Guillaume Faury arrived at the Airbus Leadership University assembly hall visibly satisfied. The CEO of Airbus was going to give good news to a group of journalists gathered in Toulouse for the classic presentation of results for the previous year and forecasts for the current year.
Faury reported that his group had invoiced 65,400 million euros in 2023, 11% more, leaving the company’s net profit at 3,789 million, 11% less, with the commercial aviation division, the origin of this aerospace group, being the great tractor of these figures.
Evidence of the rebound in civil aviation was evident in the 735 aircraft delivered over the last 12 months (15%) and in the 2,094 aircraft ordered (155%), a figure that is well above that of 2022. in which requests for the manufacture of new aircraft of all Airbus models were 820 units.
Regarding the types of aircraft delivered, the Airbus chief executive confirmed that the A320 family remains the most popular, with 571 aircraft produced and delivered last year, while the A220s, formerly called C series of the Canadian Bombardier, are increasingly successful and accepted by international airlines, since 68 devices were delivered. Long-haul aircraft were also built and delivered at a good pace, with 32 units of the Airbus A330 and 64 of the brand’s most modern twin-aisle aircraft: the A350.
To meet the order book for the coming years, the company has an industrial plan in place that will increase the monthly production rate.
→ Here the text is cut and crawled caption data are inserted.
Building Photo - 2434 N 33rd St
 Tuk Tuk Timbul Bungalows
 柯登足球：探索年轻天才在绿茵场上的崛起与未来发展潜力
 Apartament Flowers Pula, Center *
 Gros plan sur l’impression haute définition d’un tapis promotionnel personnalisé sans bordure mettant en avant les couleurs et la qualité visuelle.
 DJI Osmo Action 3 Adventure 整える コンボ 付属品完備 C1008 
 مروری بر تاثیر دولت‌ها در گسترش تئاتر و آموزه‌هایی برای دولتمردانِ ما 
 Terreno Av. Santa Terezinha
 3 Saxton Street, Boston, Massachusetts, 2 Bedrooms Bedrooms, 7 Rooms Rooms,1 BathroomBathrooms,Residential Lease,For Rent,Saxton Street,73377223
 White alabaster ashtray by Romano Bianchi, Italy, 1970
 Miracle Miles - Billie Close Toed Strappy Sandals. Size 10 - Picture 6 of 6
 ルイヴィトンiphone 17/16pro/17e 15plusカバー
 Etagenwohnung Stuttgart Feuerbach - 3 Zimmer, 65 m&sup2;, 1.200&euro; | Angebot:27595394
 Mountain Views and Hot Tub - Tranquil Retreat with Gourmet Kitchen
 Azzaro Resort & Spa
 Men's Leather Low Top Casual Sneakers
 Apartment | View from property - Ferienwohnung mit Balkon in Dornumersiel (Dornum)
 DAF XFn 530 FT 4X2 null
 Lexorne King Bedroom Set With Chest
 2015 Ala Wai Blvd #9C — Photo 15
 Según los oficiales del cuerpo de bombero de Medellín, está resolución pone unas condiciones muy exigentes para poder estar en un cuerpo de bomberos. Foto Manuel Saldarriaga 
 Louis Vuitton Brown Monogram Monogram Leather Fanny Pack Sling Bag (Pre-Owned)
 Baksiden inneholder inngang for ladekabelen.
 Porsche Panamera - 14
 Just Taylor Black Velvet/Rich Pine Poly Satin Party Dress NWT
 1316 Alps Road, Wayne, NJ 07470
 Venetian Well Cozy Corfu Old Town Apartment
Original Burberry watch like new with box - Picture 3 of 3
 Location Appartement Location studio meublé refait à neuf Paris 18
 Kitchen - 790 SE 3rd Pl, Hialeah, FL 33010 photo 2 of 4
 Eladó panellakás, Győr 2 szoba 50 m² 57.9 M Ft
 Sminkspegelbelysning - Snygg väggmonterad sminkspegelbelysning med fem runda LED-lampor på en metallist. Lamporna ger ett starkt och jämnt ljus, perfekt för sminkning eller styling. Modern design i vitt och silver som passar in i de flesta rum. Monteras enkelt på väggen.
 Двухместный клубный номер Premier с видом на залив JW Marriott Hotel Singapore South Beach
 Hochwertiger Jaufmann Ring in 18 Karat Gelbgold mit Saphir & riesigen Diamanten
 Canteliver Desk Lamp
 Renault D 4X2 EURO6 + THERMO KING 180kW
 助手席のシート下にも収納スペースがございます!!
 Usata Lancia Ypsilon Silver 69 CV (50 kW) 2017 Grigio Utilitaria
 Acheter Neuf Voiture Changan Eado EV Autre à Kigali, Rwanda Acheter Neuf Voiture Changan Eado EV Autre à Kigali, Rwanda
In the case of the A220 built in Canada, it is planned to reach 14 aircraft per month in 2026, while for that year it is expected to reach 76 A320 aircraft built each month. The long-haul variants will also have production increases due to the new demand for two-aisle aircraft: within two years, four A330s and 10 A350s will be built each month.
The helicopter division had a very good performance within the group, with 393 orders, thirty more than in the previous year, highlighting that, in most contracts, in addition to construction, several years of technical assistance and training for crews and technicians. At this point, Faury wanted to highlight the effort it has taken to achieve these results in a geopolitical environment as complicated as 2023.
The defense and space division was responsible for 15,000 million of last year’s turnover, highlighting the contract with the government of Spain for the construction of 16 new C295, a device fully developed and assembled in the San Pablo, Seville, factory. where the eight A400M aircraft delivered have also left. It was also noted that since January 1 of this year, the defense division has changed its structure to focus on three specialties related to military air intelligence systems.
Faury, who appeared accompanied by Thomas Toepfer, the group’s financial director, and Julie Kitcher, director of communications and sustainability at Airbus, wanted to highlight precisely the progress in the Kitcher business, where work is being done on the development of new aircraft models. , the increase in the production of sustainable aviation fuel, new hydrogen-powered aircraft in association with several Nordic companies, new, increasingly lighter materials for all products built, both in commercial and military aviation and helicopters, in addition to progressive digitalization of all processes.
By 2024, Airbus hopes that the bottlenecks caused by problems with some suppliers will be definitively resolved. At the same time, it hopes that to achieve its 2024 objectives there will be no major disruptions in the world economy, in air traffic or in the supply chain, with which in 2024 it is expected to reach the figure of 800 commercial aircraft delivered and one adjusted ebit that moves between 6,500 and 7,500 million euros, for 5,800 million in 2023.